Since the good-faith exception applies to the officers’ searches of the two residences, the evidence obtained from those searches was properly admitted, irrespective of the CSLI language in the affidavits. For the harmless-error analysis, then, that evidence is part of “everything else the jury considered on the issue in question,” Yates, 500 U.S. at 403.
….
Having identified which evidence should have been excluded if the warrantless search of Zanders’s CSLI violated his Fourth Amendment rights, we now assess whether that evidence’s admission was harmless.
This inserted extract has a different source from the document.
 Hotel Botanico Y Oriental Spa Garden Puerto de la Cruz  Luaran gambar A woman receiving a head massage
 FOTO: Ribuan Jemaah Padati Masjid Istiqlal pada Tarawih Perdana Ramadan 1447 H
Whether an error in admitting evidence was harmless in a particular case depends on a host of factors. They include the presence or absence of other, corroborating evidence on material points; whether the impermissibly admitted evidence was cumulative; the overall strength of the prosecution’s case; the importance of the impermissible evidence in the prosecution’s case; and the extent of cross-examination or questioning on the impermissibly admitted evidence. See, e.g., United States v. Job, 871 F.3d 852, 865–67 (9th Cir. 2017); United States v. Russian, 848 F.3d 1239, 1248–50 (10th Cir. 2017); United States v. Bailey, 743 F.3d 322, 342–45 (2d Cir. 2014); Rabadi v. State, 541 N.E.2d 271, 276–77 (Ind. 1989); cf. Van Arsdall, 475 U.S. at 684. Considering each of these factors in view of the whole record, we can confidently declare, beyond a reasonable doubt, that the CSLI evidence did not contribute to the jury’s guilty verdicts.
….
In light of the Supreme Court’s decision in Carpenter, we hold that the State’s access to Zanders’s historical CSLI was a Fourth Amendment search. We also hold that, regardless of whether the search falls under the exigent-circumstances exception to the Fourth Amendment’s warrant requirement, the admission of the CSLI evidence was harmless beyond a reasonable doubt.
We therefore affirm Zanders’s convictions.
David, Massa, Slaughter, and Goff, JJ., concur.